Jailbreaking Leading Safety-Aligned LLMs with Simple Adaptive Attacks
arxiv(2024)
摘要
We show that even the most recent safety-aligned LLMs are not robust to
simple adaptive jailbreaking attacks. First, we demonstrate how to successfully
leverage access to logprobs for jailbreaking: we initially design an
adversarial prompt template (sometimes adapted to the target LLM), and then we
apply random search on a suffix to maximize the target logprob (e.g., of the
token "Sure"), potentially with multiple restarts. In this way, we achieve
nearly 100% attack success rate – according to GPT-4 as a judge – on
GPT-3.5/4, Llama-2-Chat-7B/13B/70B, Gemma-7B, and R2D2 from HarmBench that was
adversarially trained against the GCG attack.

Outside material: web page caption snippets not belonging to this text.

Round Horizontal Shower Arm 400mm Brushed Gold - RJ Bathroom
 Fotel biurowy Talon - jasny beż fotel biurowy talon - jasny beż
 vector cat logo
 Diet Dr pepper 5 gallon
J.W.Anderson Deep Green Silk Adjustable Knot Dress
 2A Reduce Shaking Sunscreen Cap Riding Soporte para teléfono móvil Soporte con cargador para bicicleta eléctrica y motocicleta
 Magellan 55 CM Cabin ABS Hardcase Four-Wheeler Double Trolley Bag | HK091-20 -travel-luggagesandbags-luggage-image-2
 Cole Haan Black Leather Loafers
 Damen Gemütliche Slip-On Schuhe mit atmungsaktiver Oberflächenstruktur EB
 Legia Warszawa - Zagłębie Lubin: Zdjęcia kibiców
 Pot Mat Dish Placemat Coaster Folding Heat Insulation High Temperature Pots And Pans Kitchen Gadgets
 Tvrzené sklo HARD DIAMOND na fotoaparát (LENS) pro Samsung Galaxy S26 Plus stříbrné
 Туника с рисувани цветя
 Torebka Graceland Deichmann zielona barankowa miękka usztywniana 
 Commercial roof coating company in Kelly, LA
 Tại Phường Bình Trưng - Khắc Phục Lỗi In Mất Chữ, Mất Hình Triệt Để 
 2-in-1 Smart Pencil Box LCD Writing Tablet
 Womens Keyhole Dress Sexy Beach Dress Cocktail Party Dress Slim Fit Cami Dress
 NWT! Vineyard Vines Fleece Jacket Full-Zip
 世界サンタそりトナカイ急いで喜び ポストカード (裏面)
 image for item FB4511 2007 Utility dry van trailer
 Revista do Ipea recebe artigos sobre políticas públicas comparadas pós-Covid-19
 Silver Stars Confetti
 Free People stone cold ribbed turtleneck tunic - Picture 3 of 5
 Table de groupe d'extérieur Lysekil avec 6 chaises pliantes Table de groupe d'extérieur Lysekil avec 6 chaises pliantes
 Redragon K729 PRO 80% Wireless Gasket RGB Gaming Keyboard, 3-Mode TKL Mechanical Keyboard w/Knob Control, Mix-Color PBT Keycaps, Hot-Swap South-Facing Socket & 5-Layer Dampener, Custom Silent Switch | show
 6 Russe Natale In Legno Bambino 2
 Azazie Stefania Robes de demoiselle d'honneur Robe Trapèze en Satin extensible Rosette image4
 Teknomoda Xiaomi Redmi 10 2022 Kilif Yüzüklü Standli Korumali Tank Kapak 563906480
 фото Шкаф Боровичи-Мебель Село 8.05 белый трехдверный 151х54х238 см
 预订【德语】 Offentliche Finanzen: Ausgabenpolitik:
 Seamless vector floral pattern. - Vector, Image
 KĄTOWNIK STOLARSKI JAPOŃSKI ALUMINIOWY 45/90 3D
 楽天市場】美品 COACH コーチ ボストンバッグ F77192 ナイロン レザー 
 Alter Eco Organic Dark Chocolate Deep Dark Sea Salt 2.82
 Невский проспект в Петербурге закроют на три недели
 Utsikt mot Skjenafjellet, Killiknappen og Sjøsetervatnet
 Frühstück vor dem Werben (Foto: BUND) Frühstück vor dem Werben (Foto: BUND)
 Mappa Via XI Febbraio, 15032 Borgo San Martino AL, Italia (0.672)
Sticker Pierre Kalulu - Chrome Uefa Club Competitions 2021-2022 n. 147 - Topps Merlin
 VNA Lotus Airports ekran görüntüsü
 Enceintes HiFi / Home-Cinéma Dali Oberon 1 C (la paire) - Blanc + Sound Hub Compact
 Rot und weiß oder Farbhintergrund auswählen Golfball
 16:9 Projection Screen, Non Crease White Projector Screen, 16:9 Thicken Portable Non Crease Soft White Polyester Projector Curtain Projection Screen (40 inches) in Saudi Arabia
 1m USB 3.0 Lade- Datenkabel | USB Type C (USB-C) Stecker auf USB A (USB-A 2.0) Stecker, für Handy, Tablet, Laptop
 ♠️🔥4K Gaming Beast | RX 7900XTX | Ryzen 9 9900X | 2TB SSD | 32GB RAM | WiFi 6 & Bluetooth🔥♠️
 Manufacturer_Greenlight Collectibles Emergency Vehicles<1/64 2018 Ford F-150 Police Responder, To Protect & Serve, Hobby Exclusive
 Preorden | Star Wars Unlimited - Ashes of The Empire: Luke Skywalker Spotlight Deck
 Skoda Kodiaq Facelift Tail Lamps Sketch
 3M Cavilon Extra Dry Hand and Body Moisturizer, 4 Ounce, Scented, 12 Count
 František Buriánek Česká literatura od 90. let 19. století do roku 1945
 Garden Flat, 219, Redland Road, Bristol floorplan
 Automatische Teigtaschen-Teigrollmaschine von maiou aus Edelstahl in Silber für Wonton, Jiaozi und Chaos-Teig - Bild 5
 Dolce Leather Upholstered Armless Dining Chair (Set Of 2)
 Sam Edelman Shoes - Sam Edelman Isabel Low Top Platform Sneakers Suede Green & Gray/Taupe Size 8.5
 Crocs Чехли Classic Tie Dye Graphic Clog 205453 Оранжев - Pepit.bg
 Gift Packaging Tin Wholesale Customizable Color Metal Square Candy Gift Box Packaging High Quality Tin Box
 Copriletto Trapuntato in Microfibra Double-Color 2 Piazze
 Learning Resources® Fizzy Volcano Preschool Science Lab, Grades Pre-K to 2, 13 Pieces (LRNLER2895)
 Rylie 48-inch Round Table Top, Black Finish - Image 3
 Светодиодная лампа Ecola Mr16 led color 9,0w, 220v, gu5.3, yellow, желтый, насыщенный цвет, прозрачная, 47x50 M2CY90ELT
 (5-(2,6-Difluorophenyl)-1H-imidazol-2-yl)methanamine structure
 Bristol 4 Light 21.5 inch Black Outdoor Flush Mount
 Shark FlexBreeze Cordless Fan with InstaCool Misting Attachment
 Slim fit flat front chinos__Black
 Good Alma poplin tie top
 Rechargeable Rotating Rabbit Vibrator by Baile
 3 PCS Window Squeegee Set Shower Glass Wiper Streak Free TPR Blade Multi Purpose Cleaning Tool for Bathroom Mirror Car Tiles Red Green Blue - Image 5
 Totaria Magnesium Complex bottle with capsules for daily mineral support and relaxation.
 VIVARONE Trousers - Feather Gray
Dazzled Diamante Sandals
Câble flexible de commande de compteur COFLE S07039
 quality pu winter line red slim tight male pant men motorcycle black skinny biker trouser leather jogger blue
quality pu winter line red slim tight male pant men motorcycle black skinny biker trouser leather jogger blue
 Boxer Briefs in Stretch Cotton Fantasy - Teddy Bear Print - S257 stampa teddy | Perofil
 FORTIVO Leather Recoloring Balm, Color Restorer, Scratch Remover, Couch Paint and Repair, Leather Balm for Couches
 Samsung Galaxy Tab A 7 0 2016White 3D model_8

We also show how to jailbreak all
Claude models – that do not expose logprobs – via either a transfer or
prefilling attack with 100% success rate. In addition, we show how to use
random search on a restricted set of tokens for finding trojan strings in
poisoned models – a task that shares many similarities with jailbreaking –
which is the algorithm that brought us the first place in the SaTML'24 Trojan
Detection Competition. The common theme behind these attacks is that adaptivity
is crucial: different models are vulnerable to different prompting templates
(e.g., R2D2 is very sensitive to in-context learning prompts), some models have
unique vulnerabilities based on their APIs (e.g., prefilling for Claude), and
in some settings it is crucial to restrict the token search space based on
prior knowledge (e.g., for trojan detection). We provide the code, prompts, and
logs of the attacks at https://github.com/tml-epfl/llm-adaptive-attacks.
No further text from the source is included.